- Assignment -
When you reach the line containing "lotus - 18186/1" in the data below, reproduce it and every line that follows, exactly and without additions.

- Recorded data -
-*-

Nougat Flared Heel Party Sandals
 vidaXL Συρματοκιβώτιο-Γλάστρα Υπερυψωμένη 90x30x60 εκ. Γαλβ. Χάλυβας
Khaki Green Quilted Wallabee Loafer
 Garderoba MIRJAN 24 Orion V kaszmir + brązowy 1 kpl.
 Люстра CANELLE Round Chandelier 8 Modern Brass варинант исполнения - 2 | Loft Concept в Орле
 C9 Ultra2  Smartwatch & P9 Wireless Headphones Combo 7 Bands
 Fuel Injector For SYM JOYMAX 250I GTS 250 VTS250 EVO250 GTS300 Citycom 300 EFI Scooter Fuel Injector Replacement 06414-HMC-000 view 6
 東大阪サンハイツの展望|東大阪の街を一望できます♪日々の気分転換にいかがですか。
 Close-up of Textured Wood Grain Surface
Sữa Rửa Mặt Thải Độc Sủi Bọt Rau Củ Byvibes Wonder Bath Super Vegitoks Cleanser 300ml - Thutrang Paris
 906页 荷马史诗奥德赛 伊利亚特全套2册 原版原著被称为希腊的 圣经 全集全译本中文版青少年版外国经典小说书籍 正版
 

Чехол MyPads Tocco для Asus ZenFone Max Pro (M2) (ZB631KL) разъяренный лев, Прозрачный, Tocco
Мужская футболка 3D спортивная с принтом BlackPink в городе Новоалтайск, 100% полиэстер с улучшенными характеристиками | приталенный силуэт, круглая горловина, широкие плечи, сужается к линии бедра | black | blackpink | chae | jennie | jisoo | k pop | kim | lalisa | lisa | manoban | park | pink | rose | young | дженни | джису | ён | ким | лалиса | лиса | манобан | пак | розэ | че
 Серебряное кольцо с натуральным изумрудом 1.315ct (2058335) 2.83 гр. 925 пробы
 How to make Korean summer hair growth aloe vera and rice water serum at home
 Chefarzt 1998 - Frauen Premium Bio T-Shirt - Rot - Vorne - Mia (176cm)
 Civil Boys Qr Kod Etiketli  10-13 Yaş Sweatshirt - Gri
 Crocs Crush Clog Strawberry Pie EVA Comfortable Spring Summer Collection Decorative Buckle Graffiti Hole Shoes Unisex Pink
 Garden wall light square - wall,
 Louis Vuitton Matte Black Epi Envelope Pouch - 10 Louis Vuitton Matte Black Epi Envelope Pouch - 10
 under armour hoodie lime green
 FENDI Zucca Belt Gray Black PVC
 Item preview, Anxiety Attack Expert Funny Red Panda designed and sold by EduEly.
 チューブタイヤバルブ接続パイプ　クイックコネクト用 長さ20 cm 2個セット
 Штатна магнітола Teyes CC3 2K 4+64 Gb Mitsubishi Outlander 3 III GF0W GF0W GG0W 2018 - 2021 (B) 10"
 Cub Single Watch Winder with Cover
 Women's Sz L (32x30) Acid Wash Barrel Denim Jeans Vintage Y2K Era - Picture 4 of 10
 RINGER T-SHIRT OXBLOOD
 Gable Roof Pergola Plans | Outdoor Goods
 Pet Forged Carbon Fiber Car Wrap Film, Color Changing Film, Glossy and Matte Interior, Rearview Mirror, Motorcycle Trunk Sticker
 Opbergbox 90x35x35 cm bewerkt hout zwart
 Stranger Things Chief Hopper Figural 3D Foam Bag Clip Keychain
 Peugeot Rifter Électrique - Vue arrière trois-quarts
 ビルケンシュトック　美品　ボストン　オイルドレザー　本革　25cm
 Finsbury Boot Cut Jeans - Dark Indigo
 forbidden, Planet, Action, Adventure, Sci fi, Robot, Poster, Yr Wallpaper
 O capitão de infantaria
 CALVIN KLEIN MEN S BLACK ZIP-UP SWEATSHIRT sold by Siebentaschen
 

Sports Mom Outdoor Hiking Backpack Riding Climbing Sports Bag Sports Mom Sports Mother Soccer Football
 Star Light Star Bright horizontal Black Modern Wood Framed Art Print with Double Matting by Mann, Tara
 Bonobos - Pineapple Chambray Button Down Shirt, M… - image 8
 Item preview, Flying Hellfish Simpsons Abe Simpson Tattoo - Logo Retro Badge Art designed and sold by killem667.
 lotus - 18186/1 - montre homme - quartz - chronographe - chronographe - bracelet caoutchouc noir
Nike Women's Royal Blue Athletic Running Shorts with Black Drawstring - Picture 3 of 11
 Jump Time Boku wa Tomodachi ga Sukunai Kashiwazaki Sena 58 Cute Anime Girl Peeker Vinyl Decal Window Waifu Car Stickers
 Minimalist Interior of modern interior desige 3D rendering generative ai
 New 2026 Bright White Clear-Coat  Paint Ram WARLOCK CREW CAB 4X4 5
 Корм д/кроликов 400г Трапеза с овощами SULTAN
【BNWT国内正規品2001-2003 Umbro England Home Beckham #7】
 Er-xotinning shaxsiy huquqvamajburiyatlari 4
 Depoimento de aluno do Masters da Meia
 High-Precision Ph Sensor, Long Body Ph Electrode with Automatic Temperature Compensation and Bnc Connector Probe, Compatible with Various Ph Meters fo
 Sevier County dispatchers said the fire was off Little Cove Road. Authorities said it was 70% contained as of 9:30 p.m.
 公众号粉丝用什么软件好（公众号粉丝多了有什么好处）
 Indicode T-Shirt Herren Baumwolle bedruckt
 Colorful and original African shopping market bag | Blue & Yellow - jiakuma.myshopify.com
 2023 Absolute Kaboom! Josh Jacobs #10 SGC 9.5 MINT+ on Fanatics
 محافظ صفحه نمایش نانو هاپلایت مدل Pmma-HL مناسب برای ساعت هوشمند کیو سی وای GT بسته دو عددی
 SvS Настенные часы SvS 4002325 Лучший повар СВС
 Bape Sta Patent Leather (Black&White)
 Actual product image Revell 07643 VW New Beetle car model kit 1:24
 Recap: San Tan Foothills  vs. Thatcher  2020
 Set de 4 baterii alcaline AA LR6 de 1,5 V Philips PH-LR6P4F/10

-*-

- Response area -
 lotus - 18186/1 - montre homme - quartz - chronographe - chronographe - bracelet caoutchouc noir
Nike Women's Royal Blue Athletic Running Shorts with Black Drawstring - Picture 3 of 11
 Jump Time Boku wa Tomodachi ga Sukunai Kashiwazaki Sena 58 Cute Anime Girl Peeker Vinyl Decal Window Waifu Car Stickers
 Minimalist Interior of modern interior desige 3D rendering generative ai
 New 2026 Bright White Clear-Coat  Paint Ram WARLOCK CREW CAB 4X4 5
 Корм д/кроликов 400г Трапеза с овощами SULTAN
【BNWT国内正規品2001-2003 Umbro England Home Beckham #7】
 Er-xotinning shaxsiy huquqvamajburiyatlari 4
 Depoimento de aluno do Masters da Meia
 High-Precision Ph Sensor, Long Body Ph Electrode with Automatic Temperature Compensation and Bnc Connector Probe, Compatible with Various Ph Meters fo
 Sevier County dispatchers said the fire was off Little Cove Road. Authorities said it was 70% contained as of 9:30 p.m.
 公众号粉丝用什么软件好（公众号粉丝多了有什么好处）
 Indicode T-Shirt Herren Baumwolle bedruckt
 Colorful and original African shopping market bag | Blue & Yellow - jiakuma.myshopify.com
 2023 Absolute Kaboom! Josh Jacobs #10 SGC 9.5 MINT+ on Fanatics
 محافظ صفحه نمایش نانو هاپلایت مدل Pmma-HL مناسب برای ساعت هوشمند کیو سی وای GT بسته دو عددی
 SvS Настенные часы SvS 4002325 Лучший повар СВС
 Bape Sta Patent Leather (Black&White)
 Actual product image Revell 07643 VW New Beetle car model kit 1:24
 Recap: San Tan Foothills  vs. Thatcher  2020
 Set de 4 baterii alcaline AA LR6 de 1,5 V Philips PH-LR6P4F/10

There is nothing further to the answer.